Create an ingestion job
In Imply Polaris, you can launch an ingestion job to load data into a table. Within your ingestion job, select the source of data, specify the destination table, and map the input fields from the source to the table columns. You can use the Polaris UI or the Jobs v1 API to launch and manage ingestion jobs. If the input schema is different from the table schema, you can transform input data while mapping input fields to table columns during ingestion.
This topic covers the basics of ingestion job creation and the options for transforming source data in the Polaris UI. For information on launching ingestion jobs programmatically, see Create an ingestion job by API. To use SQL to define your batch ingestion job, see Ingest using SQL. See Manage ingestion jobs for details on viewing, canceling, and recreating ingestion jobs.
Billing for ingestion
Polaris operates on a consumption-based pricing model based on processed bytes.

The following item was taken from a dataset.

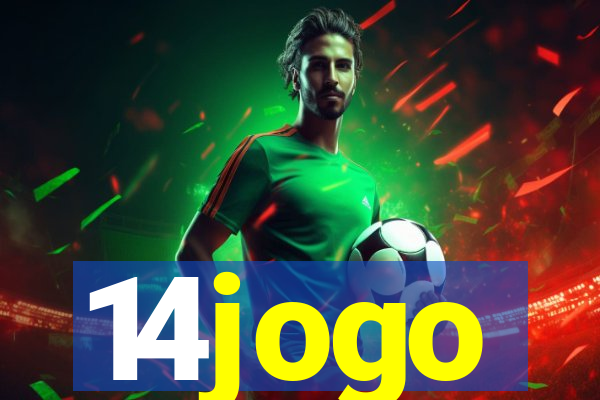 14jogo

See Billing: Data ingestion for details on the data ingestion billing tiers.
Prerequisites
Users with the ManageIngestionJobs
permission and members of the Organization Admin, Project Admin, or Data Manager groups can create ingestion jobs. For information on permissions, see Permissions reference.
Ingest data
To launch an ingestion job from the Polaris console, do the following:
If you haven't already, create a new data source. See Ingestion sources for information on the available sources and their requirements. See Create a connection for information on how to create a connection.
From the Jobs tab, select Create job > Insert data. Select the table to ingest data into. If the table doesn’t exist, click New table and provide the name of the table. Polaris determines the appropriate table type and schema mode from the ingestion job. For more details, see Create a table.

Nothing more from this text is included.